Here m, \({K}_{B}\) and \({P}_{M}\) represent the mass, the Boltzmann constant, and the probability of an atom with velocity ν. Besides, to check the stability of the system temperature, we also record the system temperature as a function of time. If the system temperature remains constant over time, reflecting the equilibrated state of the system at that temperature. Finally, after imposing the heat energy, the system was run another \(24\times {10}^{6}\) time steps of NVE to achieve the time-averaged temperature distribution from which \(dT/dx\) is measured.

To obtain the out-of-plane thermal transport, we calculated the interfacial thermal resistance using the TPP technique32. This method was successfully used to study the out-of-plane thermal transport of different 2D heterostructures33,39,40. After equilibrating the system at designated temperatures, a 50 fs ultrafast thermal impulse was applied to the graphene layer. The graphene temperature rises rapidly during the ultrafast thermal impulse of 50 fs, while the 2D-SiC temperature is set at 300 K according to the TPP technique. After 50 fs, the graphene temperature started rapidly decreasing, and the 2D-SiC temperature rises gradually as the ambient environment is a vacuum. The heat energy will dissipate by means of interlayer heat exchange before a new thermal equilibrium is achieved by the graphene/2D-SiC bilayer. The total energy of graphene and the changes of temperature in each layer were noted at each time step. The variation of energy will obey the equation below:

$$\frac{\Delta {E}_{t}}{\Delta t}=\frac{{A}_{R} \times ({T}_{graphne}-{T}_{2D-SiC })}{R}$$

where Et, t, and AR denote the total energy, time and contact area, respectively. The temperature in the heat applied layer and the unimpeded layer is indicated by Tgraphene and T2D-SiC, respectively. With the least squares approach we used an integral formula to calculate the optimal R value as39,40:

$${E}_{t}={E}_{0}+\left(\frac{{A}_{R}}{R}\right).{\int }_{0}^{t}\left({T}_{graphne}-{T}_{2D-SiC }\right)dt$$

where \({E}_{o}\) is the initial energy. After calculating the integral \({\int }_{0}^{t}\left({T}_{graphne}-{T}_{2D-SiC }\right)dt\), a linear relation can be obtained between Et and this integral, in which the slope is \({A}_{R}\)/R. The out-of-plane thermal resistance R at the interface can be found on the basis of the contact area AR. We also analyzed the thermal rectification effect on R. The heat transport from graphene to 2D-SiC is denoted as graphene → 2D-SiC, and the heat transport from 2D-SiC to graphene is denoted as 2D-SiC → graphene, respectively. To obtain noise-free data points, the collected data points are averaged at every 100-time steps. To eliminate the statistical errors, we conducted three separate simulations with specific initial conditions for both in-plane and cross-plane thermal conductivity calculations.

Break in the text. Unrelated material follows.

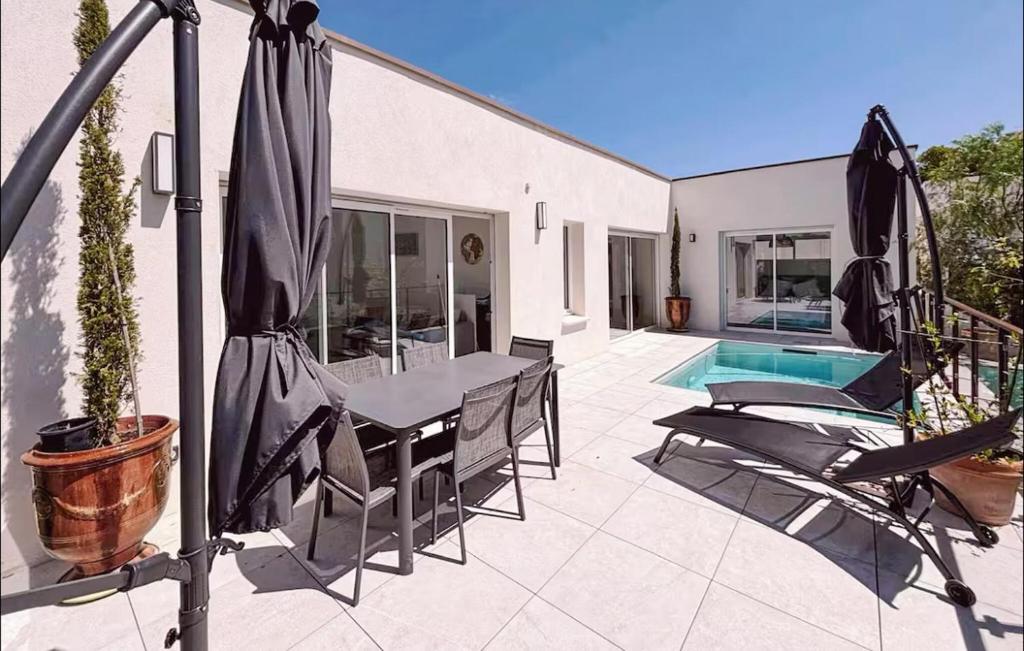 Maison Piscine Nîmes - 1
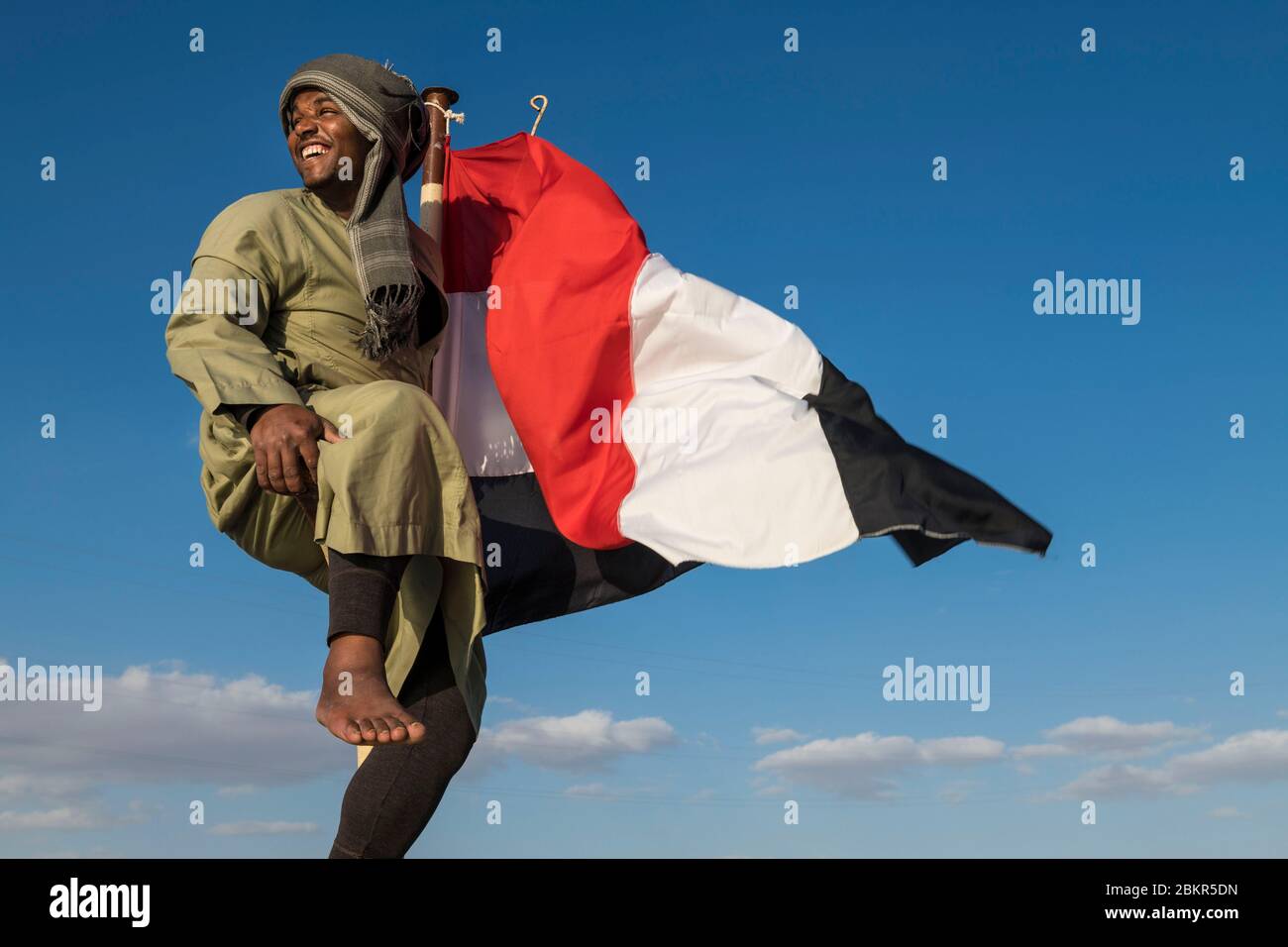 Égypte, haute Égypte, vallée du Nil, Esna, sur un bateau le Nil entre Louxor et Assouan, équipe avec un drapeau égyptien Banque D'Images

Through combining each simulation, the final values were determined using the standard deviations displayed as an error bar.

Results and discussion

SiC is considered as one of the most important substrates to synthesize and use with graphene for technological applications. Moreover, 2D-SiC has been shown to enable graphene to retain the exotic electronic features, as well as to introduce a direct bandgap creation in the heterobilayer30. It is therefore of great general concern to probe the thermal behavior of this heterostructure and to know whether the unique thermal conductivity of graphene is still preserved. The RNEMD simulation was used to probe the in-plane thermal behavior of this appealing heterobilayer. Before applying the RNEMD simulation, the steady-state condition of the system was confirmed by estimating the atomic velocities of the graphene and 2D-SiC layers at thermal equilibrium. Figure 2 illustrates the comparison of the velocity distribution obtained from the RNEMD simulation and the Maxwell theoretical estimations as defined in Eq. (4). It is observed that the predicted distributions are perfectly matched to the MD simulation outputs, suggesting that the heterobilayer attains a stable state.

Figure 2
figure 2

Comparison of the atomic velocity distribution of (a) graphene and (b) 2D-SiC layers with Maxwell prediction at steady-state.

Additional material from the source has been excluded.